[Start of Attachment]

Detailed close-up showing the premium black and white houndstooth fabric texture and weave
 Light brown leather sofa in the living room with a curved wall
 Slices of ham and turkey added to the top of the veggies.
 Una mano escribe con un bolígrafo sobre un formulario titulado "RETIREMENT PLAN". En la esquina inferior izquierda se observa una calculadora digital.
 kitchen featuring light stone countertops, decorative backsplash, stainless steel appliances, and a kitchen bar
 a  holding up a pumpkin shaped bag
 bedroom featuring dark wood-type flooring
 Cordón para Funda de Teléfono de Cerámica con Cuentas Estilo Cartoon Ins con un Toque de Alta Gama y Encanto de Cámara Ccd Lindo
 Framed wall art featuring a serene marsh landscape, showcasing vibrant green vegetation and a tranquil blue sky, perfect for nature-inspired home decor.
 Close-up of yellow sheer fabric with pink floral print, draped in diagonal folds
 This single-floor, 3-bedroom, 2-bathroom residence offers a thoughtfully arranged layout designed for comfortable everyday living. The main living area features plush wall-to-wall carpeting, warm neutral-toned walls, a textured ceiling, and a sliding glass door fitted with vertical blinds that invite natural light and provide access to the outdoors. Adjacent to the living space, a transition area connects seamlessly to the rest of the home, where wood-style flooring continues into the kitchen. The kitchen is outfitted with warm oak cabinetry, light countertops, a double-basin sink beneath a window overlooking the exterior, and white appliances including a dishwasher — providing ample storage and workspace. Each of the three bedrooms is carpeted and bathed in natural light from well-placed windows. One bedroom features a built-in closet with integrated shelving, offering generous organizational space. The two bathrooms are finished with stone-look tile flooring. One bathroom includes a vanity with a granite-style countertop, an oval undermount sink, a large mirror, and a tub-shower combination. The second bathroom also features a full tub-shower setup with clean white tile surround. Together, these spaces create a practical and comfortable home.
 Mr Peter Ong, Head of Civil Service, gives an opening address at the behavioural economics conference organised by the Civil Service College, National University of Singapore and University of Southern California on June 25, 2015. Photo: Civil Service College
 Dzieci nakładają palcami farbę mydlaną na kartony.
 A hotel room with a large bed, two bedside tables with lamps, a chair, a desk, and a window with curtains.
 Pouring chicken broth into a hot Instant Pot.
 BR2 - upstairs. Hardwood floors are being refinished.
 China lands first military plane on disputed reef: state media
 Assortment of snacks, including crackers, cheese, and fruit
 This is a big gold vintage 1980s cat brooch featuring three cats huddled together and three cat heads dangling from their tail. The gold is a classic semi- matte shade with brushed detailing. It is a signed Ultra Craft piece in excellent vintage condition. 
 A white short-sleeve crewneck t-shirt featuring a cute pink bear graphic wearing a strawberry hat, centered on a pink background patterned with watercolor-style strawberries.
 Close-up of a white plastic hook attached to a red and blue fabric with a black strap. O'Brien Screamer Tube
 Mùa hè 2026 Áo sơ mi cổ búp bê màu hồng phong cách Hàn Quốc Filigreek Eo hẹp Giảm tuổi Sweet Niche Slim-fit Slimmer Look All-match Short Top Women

[End of Attachment]

*WORK ITEM:* The expected output is the exact run of lines from the line with "China lands first" through the last line of the material above.

*SOLVED EXERCISE:*
 China lands first military plane on disputed reef: state media
 Assortment of snacks, including crackers, cheese, and fruit
 This is a big gold vintage 1980s cat brooch featuring three cats huddled together and three cat heads dangling from their tail. The gold is a classic semi- matte shade with brushed detailing. It is a signed Ultra Craft piece in excellent vintage condition. 
 A white short-sleeve crewneck t-shirt featuring a cute pink bear graphic wearing a strawberry hat, centered on a pink background patterned with watercolor-style strawberries.
 Close-up of a white plastic hook attached to a red and blue fabric with a black strap. O'Brien Screamer Tube
 Mùa hè 2026 Áo sơ mi cổ búp bê màu hồng phong cách Hàn Quốc Filigreek Eo hẹp Giảm tuổi Sweet Niche Slim-fit Slimmer Look All-match Short Top Women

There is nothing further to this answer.